The Isle of Bouin or Boing (Île de Bouin /fr/) no longer actually exists as it has silted up. It was part of a vast area of marsh located around Bouin, separated from the mainland by the course of the River Dain. The creation of a dyke protecting the Breton Marsh from storm surges resulted in a reclamation of the island that increased the land area inland of the Bay of Bourgneuf.

== History ==
The Isle of Bouin was pillaged and razed by the Vikings in 813 and by the French in 1471 (the town was Breton at the time) during the wars between Brittany and France.
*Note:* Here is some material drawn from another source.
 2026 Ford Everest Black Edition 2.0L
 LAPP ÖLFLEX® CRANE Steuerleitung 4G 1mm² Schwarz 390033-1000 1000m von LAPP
During the Vendée Wars, the island was renamed "Ile Marat" by the revolutionaries in homage to Jean-Paul Marat, assassinated on 13 July 1793.
In the 14th century, the island benefited from island franchises, favourable to the development of contraband. In the 17th century, as on the Île d'Yeu, the islanders grew their own tobacco plants. This clandestine trade became so flourishing that they had to engage in massive importation. Companies trading in fake snuffboxes, involving all layers of island society, were created to regulate the traffic. The boats sailed in flotillas to the north to bring back "good" tobacco, then stored in warehouses.

Before 1789, Bouin was part of the Bishopric of Nantes. Politically, it belonged to the Marche de Bretagne, therefore came under both Poitou and Brittany. In 1789, its representatives asked, in vain, that it be attached to the department of Loire-Inferior, with Nantes as its capital.

The place is cited as the southern limit of Brittany in the 1843 edition of the Historical and geographical dictionary of Brittany.